We visited the Academy of Natural Sciences at Drexel University in a mad rush. Fortunately, we snapped photos to capture a lot of information because the Academy has an excellent exhibit focusing on Paleozoic animals, and Permian vertebrates in particular.
Configuration of land and seas during the Permian.
Diplocaulus model, actual size.
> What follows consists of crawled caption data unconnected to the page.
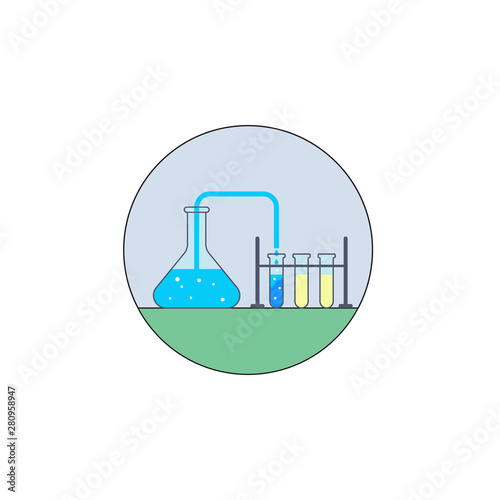Biotechnology, test tube, test in badge icon. Element of biotechnology icon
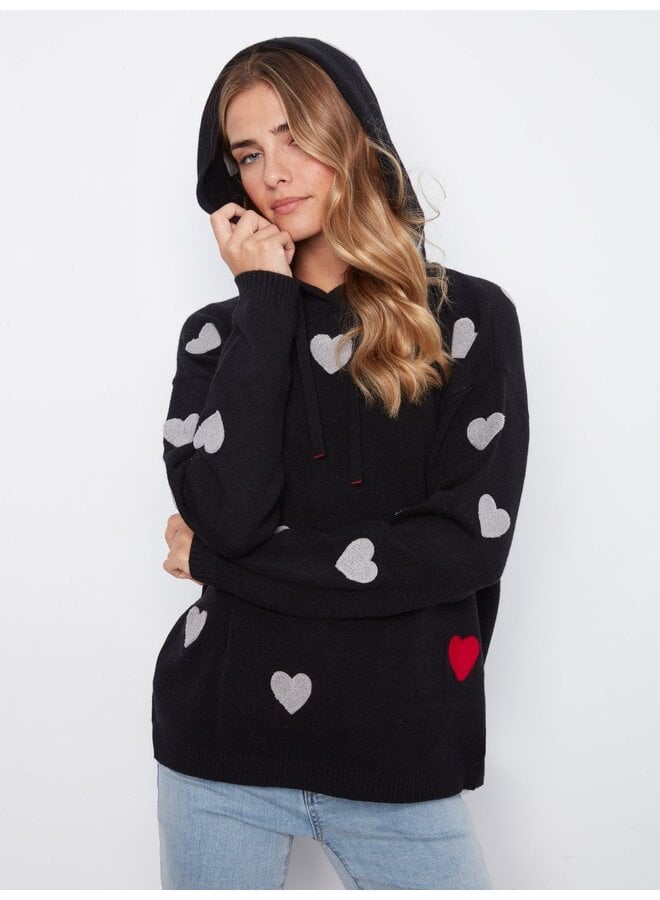 Embroidered Hearts Hoodie Sweater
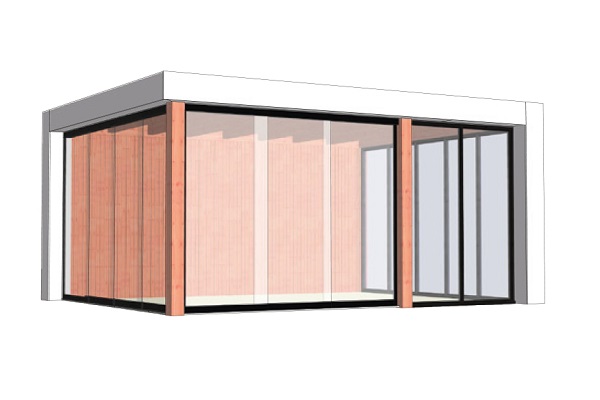 Buitenverblijf Verona 510x400 cm - Plat dak model rechts - Combinatie 1 afbeelding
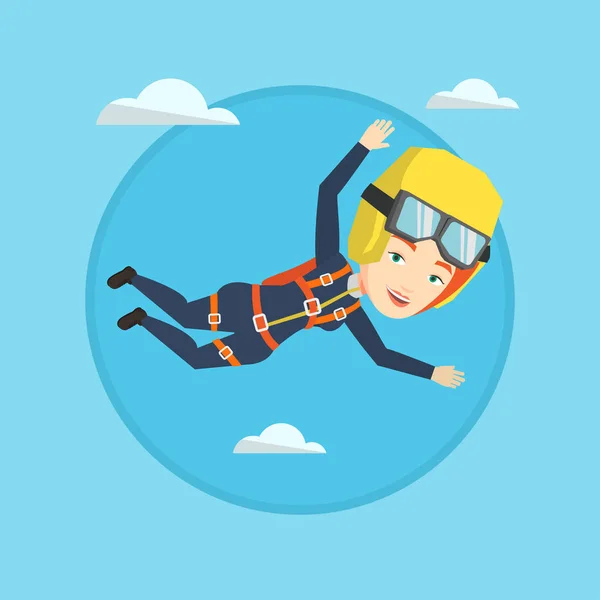 Salto paracadutista caucasico con paracadute . — Vettoriale Stock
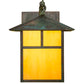 Meyda Lighting Seneca 12" Copper Verdigris Wall Sconce With Amber Tawnyrock Idalight Shade Glass
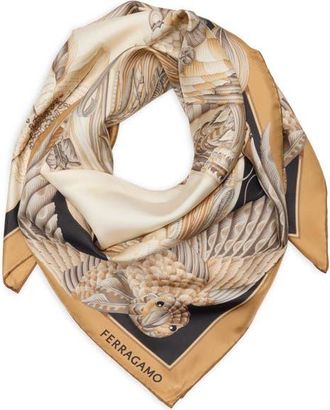 Ferragamo Amazzonia Silk Scarf in Beige/nero at Nordstrom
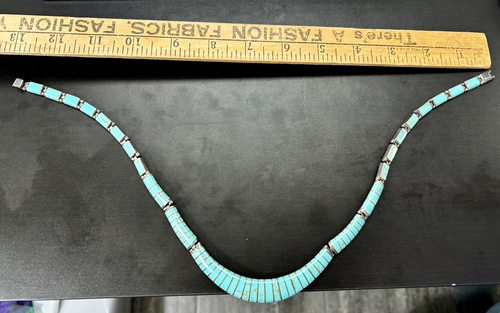 Bellissima collana vintage TS-101 Taxco Mexico argento sterling 950 turchese intarsiato - Foto 20 di 20
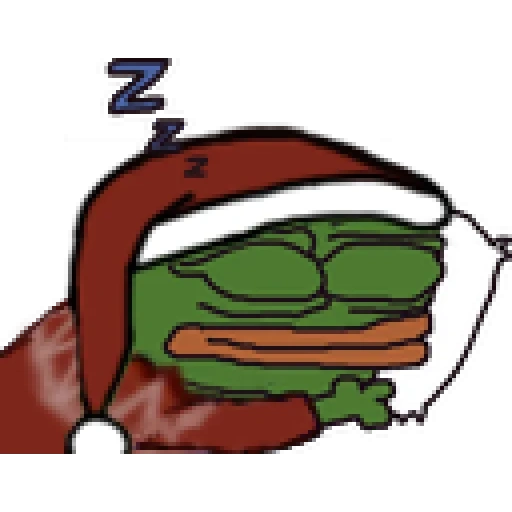 crapaud de pepe, pepe dort, pepe santa, grenouille de pepe, père noël la grenouille de pepe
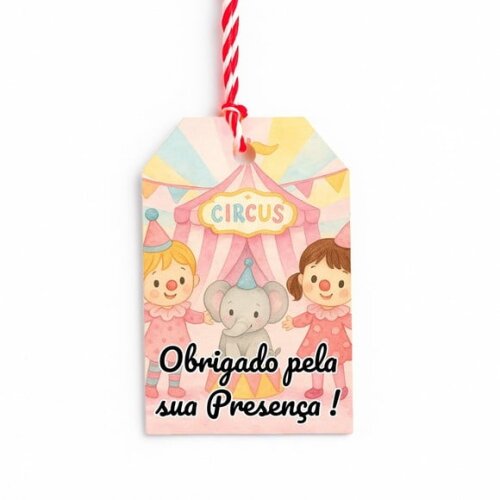 Tag de Agradecimento Personalizada 7x5 Palhacinhas Aquarela
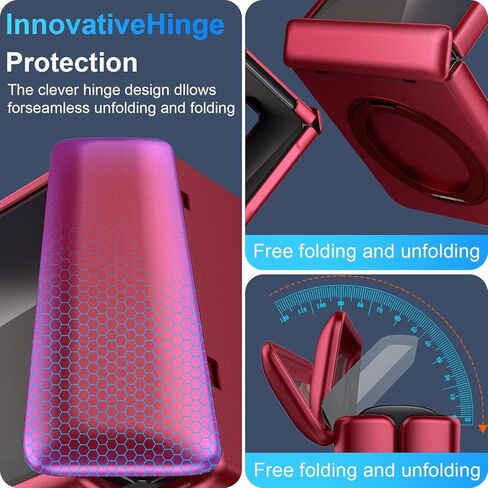 Magnetic Case for Samsung Galaxy Z Flip 7 Case, Compatible with Mag-Safe, Center Hinge Protection, 360° Rotating Finger Ring Holder with Built-in Screen Protector PC Material for Galaxy Z Flip 7 2025 in Saudi Arabia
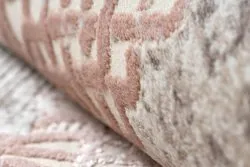 Teppich CORE W9797 Rahmen, Rosette - Struktur zwei Vliesebenen, beige / rosa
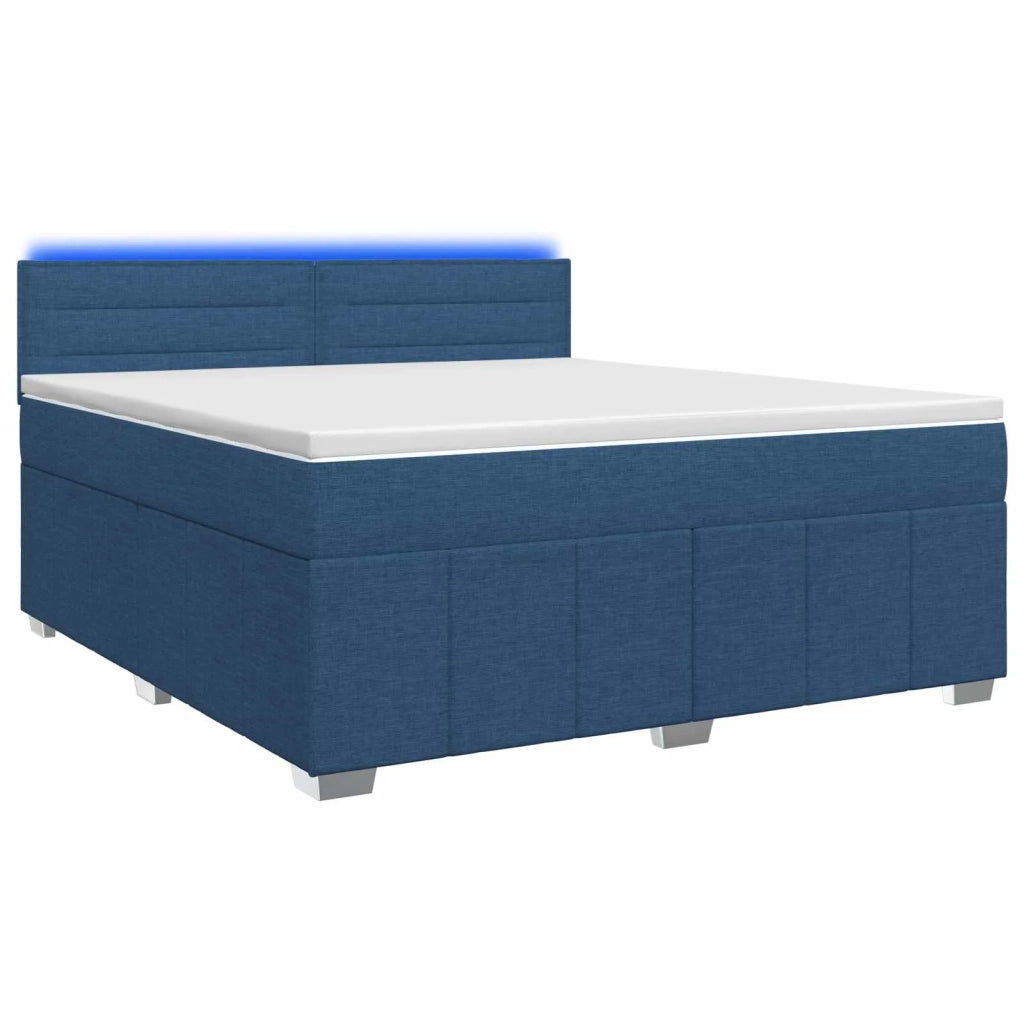 Letto box spring con materasso Blu 160 x 200 cm Tessuto 3452711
Related to present-day newts and salamanders, I believe.
Ennatosaurus an early synapsid.
Ennatosaurus, rear legs. Note that they still had scapula homologs rather than hips.
Dimetrodon , another synapsid.
Dimetrodon rear ‘scapulae’ had not fused to the vertebrae to become hips yet.
Dicynodon , view of rear legs. Here, some fusion to the adjacent vertebrae has begun.
Lystrosaurus, a very successful and common land animal of the late Permian.
Rear scapulae have evolved parallel to the spine, and probably were linked to it by short, strong tissues. They have also lengthened forward and rearward to support more advantageous leg-muscle configurations.
Inostrancevia , a gorgonopsid. Pre-Mesozoic animals got big. Roughly the same size as most Jurassic dinosaurs and most Miocene/Pliocene mammals. The massive Cretaceous dinosaurs are very uncharacteristically huge, relative to the vertebrates that came before and after them over the last 250 million years.
Inostrancevia hips and rear legs & feet.